Tomorrow, November 24, will mark seven months since the Rana Plaza collapsed, killing over a thousand garment workers, overwhelmingly women. Tomorrow, November 24, will also mark the one-year anniversary of the Tazreen Fashion factory fire in which over a hundred garment workers were killed. Almost all of those killed were women. These were not accidents but rather pieces of a plan in which the lives of women, of women workers, of Asian women workers count for less than nothing.
Today, a report notes that U.S. retailers have `declined’ to aid “factory victims in Bangladesh.” The phrase “factory victims” is both telling and apt. The women who died, often slowly and always terribly, were indeed victims of factory production. A year later, as inspectors and engineers begin for the first time ever to examine factory structures in Bangladesh, Wal-Mart, Sears, Children’s Place have “declined” to assist at all in any compensation or aid program for “factory victims”. In fact, as of yet, every U.S. retailer has “declined.” Corporations from elsewhere, such as the Anglo-Irish company Primark and the Dutch-German company C&A have been “deeply involved in getting long-term compensation funds off the ground.”

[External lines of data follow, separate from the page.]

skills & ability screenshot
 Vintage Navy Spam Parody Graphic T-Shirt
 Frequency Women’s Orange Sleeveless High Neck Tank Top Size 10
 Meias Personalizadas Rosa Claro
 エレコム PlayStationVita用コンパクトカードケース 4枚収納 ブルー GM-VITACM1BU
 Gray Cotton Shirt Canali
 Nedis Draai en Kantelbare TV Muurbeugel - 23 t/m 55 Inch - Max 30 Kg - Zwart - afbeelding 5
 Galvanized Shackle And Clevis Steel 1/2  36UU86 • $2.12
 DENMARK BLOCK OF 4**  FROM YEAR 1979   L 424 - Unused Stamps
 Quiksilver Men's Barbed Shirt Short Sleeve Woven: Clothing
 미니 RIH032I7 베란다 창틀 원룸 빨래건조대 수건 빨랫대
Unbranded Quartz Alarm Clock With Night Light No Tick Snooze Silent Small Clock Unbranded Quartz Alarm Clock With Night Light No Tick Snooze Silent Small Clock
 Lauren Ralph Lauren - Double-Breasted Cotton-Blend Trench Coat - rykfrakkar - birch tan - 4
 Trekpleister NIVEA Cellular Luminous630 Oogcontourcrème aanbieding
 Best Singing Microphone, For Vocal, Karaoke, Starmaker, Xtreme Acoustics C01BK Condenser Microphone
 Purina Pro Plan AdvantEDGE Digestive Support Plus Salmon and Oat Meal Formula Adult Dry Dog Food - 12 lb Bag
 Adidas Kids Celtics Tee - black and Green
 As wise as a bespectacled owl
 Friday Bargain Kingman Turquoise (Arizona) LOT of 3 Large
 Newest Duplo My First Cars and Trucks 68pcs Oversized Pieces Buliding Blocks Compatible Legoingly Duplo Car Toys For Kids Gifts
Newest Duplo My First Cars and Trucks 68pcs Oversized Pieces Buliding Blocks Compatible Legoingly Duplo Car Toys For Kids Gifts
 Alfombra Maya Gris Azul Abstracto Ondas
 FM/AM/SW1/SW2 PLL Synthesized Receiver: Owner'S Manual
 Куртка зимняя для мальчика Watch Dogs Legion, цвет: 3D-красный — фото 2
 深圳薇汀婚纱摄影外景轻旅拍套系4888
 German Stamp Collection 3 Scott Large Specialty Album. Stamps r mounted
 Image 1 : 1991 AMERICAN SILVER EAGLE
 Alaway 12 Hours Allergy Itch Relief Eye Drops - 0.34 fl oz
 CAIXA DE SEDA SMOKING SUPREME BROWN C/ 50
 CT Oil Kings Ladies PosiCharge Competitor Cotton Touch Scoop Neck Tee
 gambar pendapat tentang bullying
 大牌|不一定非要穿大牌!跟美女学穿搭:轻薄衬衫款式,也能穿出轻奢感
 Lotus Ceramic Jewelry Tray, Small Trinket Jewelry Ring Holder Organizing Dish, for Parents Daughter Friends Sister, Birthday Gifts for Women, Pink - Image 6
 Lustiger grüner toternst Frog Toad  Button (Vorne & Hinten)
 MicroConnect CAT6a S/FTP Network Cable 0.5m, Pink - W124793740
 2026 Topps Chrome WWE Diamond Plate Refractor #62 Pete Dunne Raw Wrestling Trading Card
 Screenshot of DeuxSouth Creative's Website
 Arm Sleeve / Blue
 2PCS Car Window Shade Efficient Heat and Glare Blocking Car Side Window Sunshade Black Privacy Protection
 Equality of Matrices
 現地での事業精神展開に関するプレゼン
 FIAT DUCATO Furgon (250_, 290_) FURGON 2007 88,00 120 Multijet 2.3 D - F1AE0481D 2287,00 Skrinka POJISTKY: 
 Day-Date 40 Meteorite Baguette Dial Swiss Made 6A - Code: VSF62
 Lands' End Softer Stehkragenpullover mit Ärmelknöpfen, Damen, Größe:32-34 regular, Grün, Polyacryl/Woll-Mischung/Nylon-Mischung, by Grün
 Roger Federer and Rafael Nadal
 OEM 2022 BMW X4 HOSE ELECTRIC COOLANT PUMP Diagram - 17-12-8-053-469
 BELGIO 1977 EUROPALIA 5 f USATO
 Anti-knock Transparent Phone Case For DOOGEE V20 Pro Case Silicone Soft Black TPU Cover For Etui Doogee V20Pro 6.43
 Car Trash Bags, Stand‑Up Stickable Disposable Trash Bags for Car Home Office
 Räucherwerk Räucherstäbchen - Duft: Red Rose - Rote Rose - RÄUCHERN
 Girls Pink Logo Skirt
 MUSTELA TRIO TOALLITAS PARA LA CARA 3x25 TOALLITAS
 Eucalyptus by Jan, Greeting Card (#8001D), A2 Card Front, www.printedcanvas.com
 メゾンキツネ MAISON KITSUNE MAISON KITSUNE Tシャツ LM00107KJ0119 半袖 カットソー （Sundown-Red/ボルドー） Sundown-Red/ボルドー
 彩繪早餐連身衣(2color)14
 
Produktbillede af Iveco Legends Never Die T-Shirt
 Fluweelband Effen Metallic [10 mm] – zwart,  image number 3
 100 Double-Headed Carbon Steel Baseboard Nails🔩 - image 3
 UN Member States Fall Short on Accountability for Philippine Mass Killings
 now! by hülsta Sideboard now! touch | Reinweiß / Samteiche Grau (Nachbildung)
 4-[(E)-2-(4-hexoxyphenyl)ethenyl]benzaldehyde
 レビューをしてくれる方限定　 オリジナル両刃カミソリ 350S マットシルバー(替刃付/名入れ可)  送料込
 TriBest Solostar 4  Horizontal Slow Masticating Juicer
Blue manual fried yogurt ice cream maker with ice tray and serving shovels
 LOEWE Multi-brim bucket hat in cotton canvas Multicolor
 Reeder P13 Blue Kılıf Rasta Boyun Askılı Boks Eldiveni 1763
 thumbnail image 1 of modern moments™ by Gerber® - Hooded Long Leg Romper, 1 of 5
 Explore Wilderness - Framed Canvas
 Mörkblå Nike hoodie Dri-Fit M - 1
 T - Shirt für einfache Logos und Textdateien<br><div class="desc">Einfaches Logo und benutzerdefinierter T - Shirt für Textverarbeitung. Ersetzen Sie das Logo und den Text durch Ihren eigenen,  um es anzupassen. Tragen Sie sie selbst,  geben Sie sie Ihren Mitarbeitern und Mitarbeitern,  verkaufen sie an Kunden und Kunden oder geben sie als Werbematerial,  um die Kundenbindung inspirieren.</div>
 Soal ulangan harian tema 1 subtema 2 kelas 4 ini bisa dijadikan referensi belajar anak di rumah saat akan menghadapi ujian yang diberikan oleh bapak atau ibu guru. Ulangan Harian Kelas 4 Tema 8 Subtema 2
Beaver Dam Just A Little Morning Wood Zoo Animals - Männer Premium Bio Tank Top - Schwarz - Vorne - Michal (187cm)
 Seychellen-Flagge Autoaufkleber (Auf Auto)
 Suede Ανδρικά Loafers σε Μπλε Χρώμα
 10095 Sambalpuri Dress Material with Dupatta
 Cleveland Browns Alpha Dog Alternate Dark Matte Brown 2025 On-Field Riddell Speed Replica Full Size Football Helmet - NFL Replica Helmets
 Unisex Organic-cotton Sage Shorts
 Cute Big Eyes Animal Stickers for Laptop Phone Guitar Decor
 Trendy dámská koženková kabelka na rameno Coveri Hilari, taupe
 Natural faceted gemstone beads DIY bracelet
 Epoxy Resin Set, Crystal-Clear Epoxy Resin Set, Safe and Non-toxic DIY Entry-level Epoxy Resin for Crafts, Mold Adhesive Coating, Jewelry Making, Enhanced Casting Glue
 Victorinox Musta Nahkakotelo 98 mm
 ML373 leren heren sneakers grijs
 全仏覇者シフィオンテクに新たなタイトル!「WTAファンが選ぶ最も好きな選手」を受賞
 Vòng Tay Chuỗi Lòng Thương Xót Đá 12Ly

Across the globe, factory workers struggle with corporate exploitation. Factory workers in sectors, such as garment and textile, that are “reserved” for women workers struggle with super-exploitation. That is part of the tragic and the everyday of the garment industry. But this tale of “factory victims” is more particular. This is about U.S.-based corporate global development plans, in which women workers of color are not only worth less than the machines they work at. For Walmart, Sears, Children’s Place and their confreres, those women are worth less than the chairs on which they sit every day, producing goods and profits.
“80% of Rana Plaza survivors are women. Now they find themselves in a situation more desperate than ever.” That too is part of the plan. That were no accidents; there were massacres. Remember that on Monday, as we enter, again, the 16 Days of Activism Against Gender Violence. Remember the specter of “factory victims’ that haunts the end-of-year shopping seasons.